A Physics-informed, Transfer Learning Approach to Structural Health Monitoring

Trent Furlong, Karl Reichard

Research output: Chapter in Book/Report/Conference proceedingConference contribution

Abstract

One of the main challenges for structural health monitoring (SHM) is a lack of failure data to make accurate health predictions. Obtaining desirable failure data is generally very expensive, given the required testing needed to measure all types of system failures, which may be unfeasible in many health monitoring applications. Machine learning has helped to improve health monitoring performance but is still limited by the availability, relevance, and quality of the training data. This data dependence impedes data-driven models from generalizing to unseen data, which is problematic for datasets lacking failure data. Physics-driven models, like finite-element models, are powerful tools for predicting structural responses when the governing physics are not clearly defined. These models can generate simulated fault data to address the data limitation without having to physically damage a structure, but are computationally expensive and susceptible to modeling errors that can prevent the data from being statistically comparable to experimental data. A new trend has been to develop physics-guided machine learning models (PGML), a hybridization of the two aforementioned models that have been shown to improve generalization of, and even outperform, pure data-driven models while using less training data.
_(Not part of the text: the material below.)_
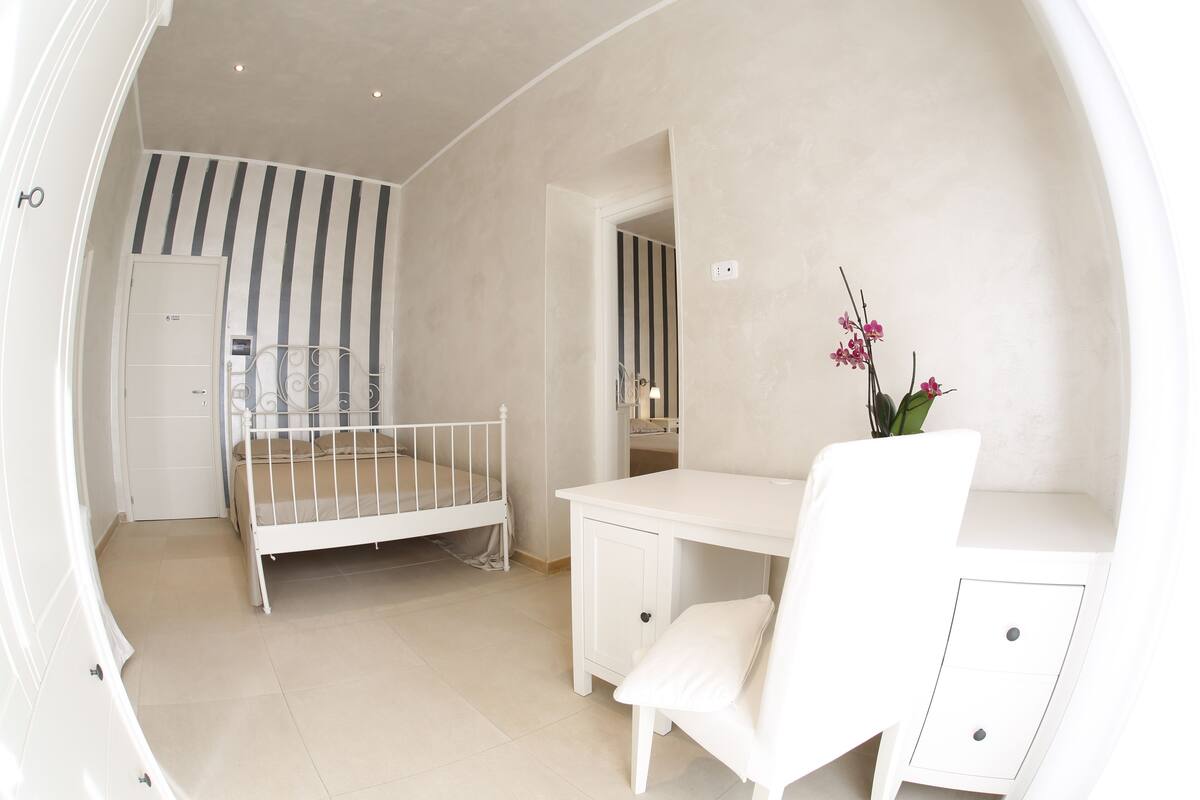 A child's room with a bed, a desk, and a chair.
These PGML models can take many forms, but generally embed some form of physics into a data-driven model as physically relevant constraints. Our research plan is to utilize PGML to improve neural network capabilities to predict structural damage. The proposed PGML model will follow a neural network architecture found in related literature consisting of feature extraction, physics-informed, and label prediction layers. The physics-informed layer will consist of an aggregate of sub-networks trained from simplified structure models which have known governing equations and can be used to generate simulated training data. The full PGML model will use transfer learning to bridge the connections between the untrained layers to the physics-informed layer using experimental data from more complex structures. We will verify our model using publically available SHM datasets used in a variety of past literature experiments.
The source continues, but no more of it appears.